• _DATA_
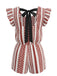 Red 1940s Print Striped Ruffle Romper 9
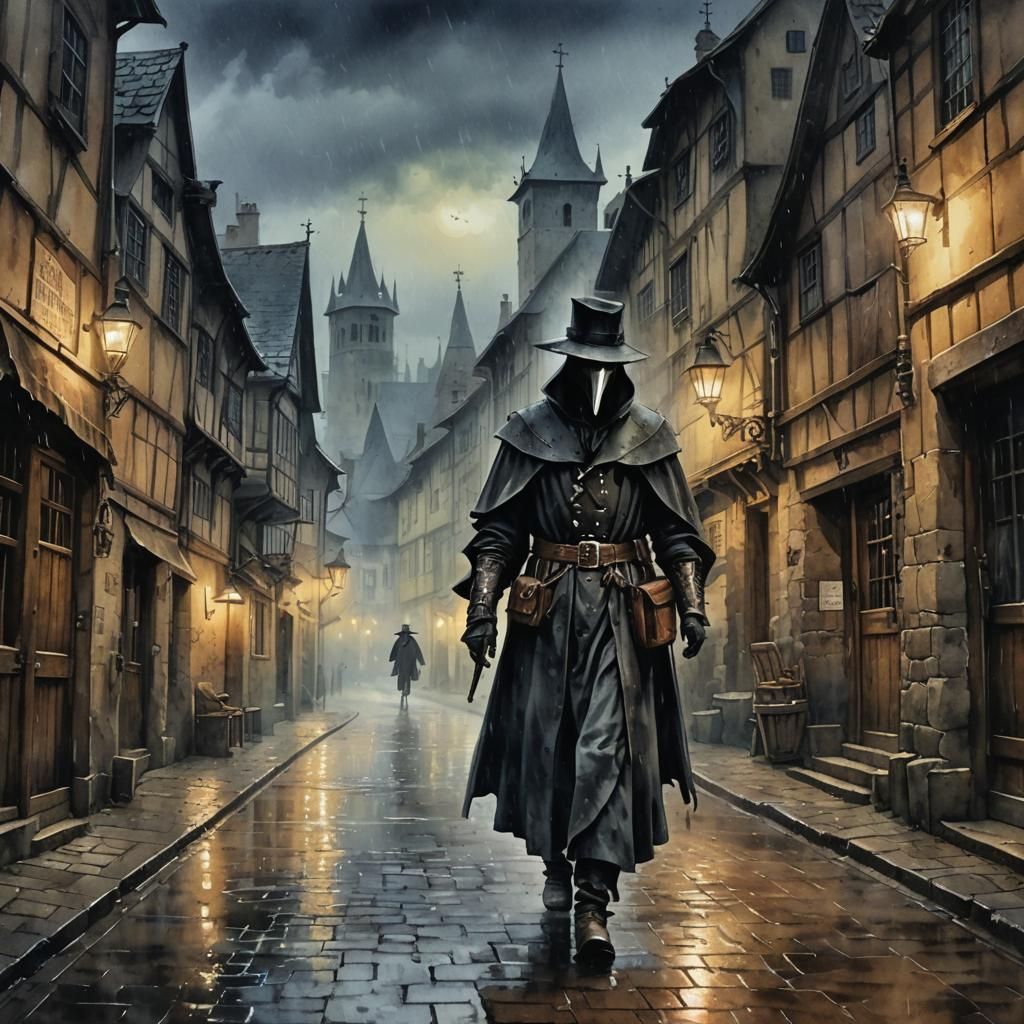 Lonely Plague Doctor in Rainy Medieval Village, Watercolor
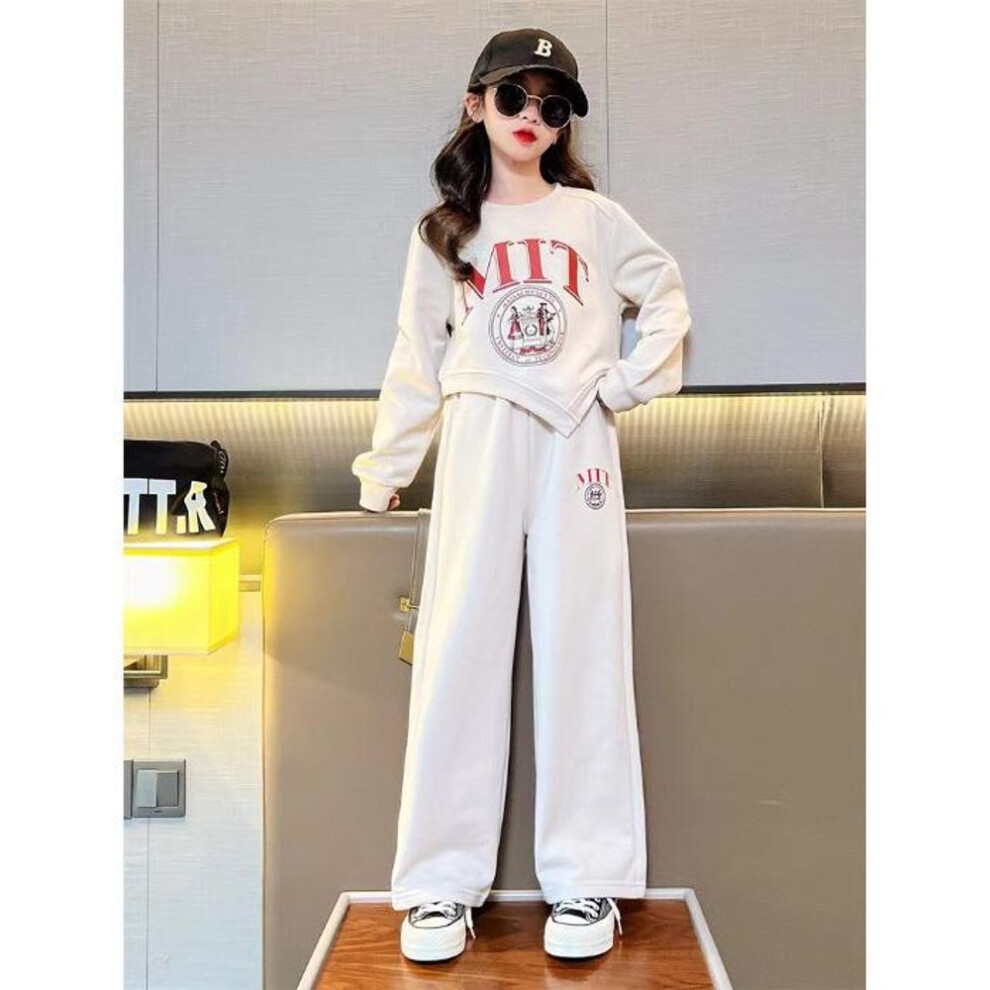 (white, 150 cm) Girls' Chic Letter Top & Trousers Set - 2024 Spring/autumn Casual Suit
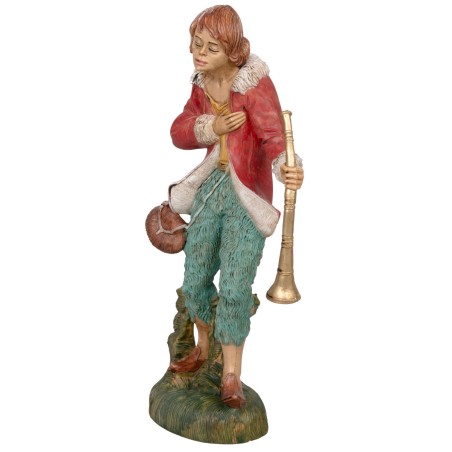 Pastore con strumento musicale 30cm in Pvc per presepe Mondo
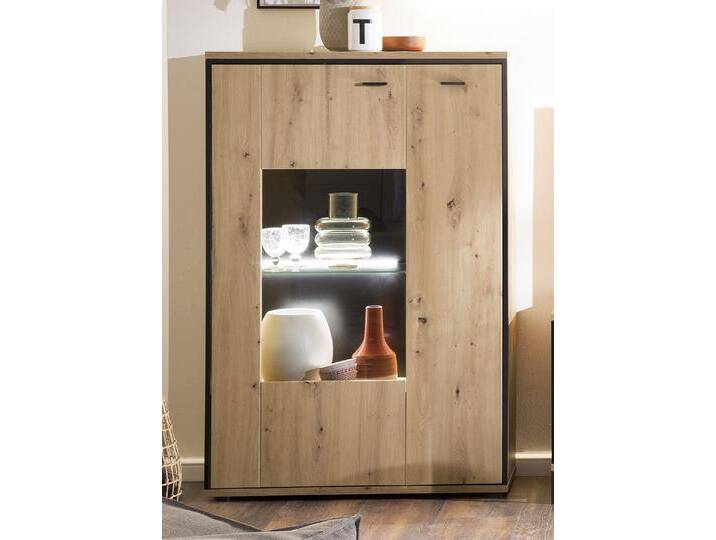 Kombi-Highboard Buenos Aires , Balkeneiche , LED Beleuchtung von fh furnhaus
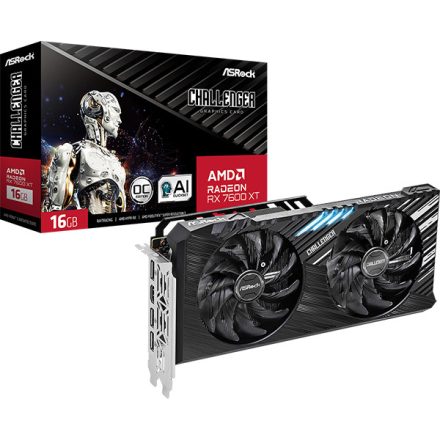 ASROCK Videokártya PCI-Ex16x AMD RX 7600 XT CHALLENGER 16GB DDR6 OC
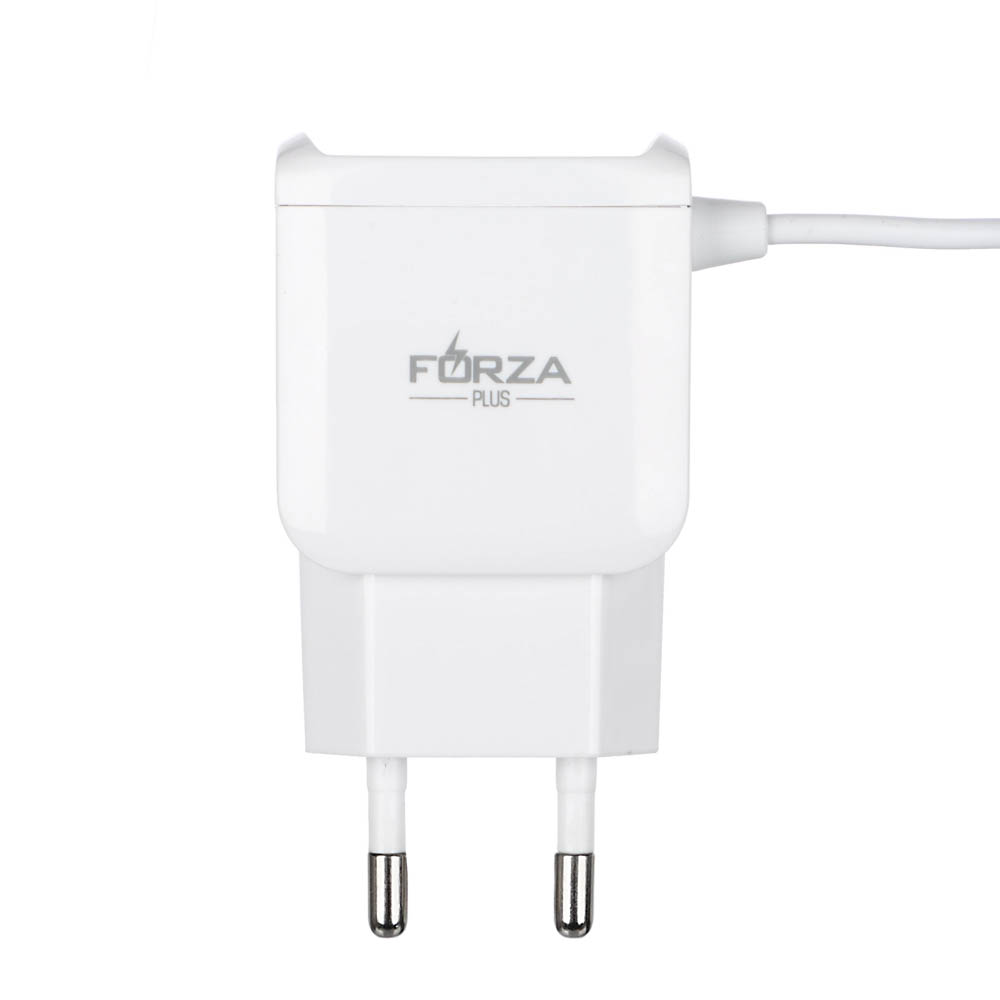 FORZA Сетевое зарядное устройство Старт, встроенный кабель, 2xUSB, 2А, 5В,  Белый арт. 916-065 купить в г. Бирск - MPR-SHOP.RU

• _PROBLEM TO WORK ON_
Exclude the images and copy every record above exactly.

• _COMPLETED TASK_
 Red 1940s Print Striped Ruffle Romper 9
 Lonely Plague Doctor in Rainy Medieval Village, Watercolor
 (white, 150 cm) Girls' Chic Letter Top & Trousers Set - 2024 Spring/autumn Casual Suit
 Pastore con strumento musicale 30cm in Pvc per presepe Mondo
 Kombi-Highboard Buenos Aires , Balkeneiche , LED Beleuchtung von fh furnhaus
 ASROCK Videokártya PCI-Ex16x AMD RX 7600 XT CHALLENGER 16GB DDR6 OC
 FORZA Сетевое зарядное устройство Старт, встроенный кабель, 2xUSB, 2А, 5В,  Белый арт. 916-065 купить в г. Бирск - MPR-SHOP.RU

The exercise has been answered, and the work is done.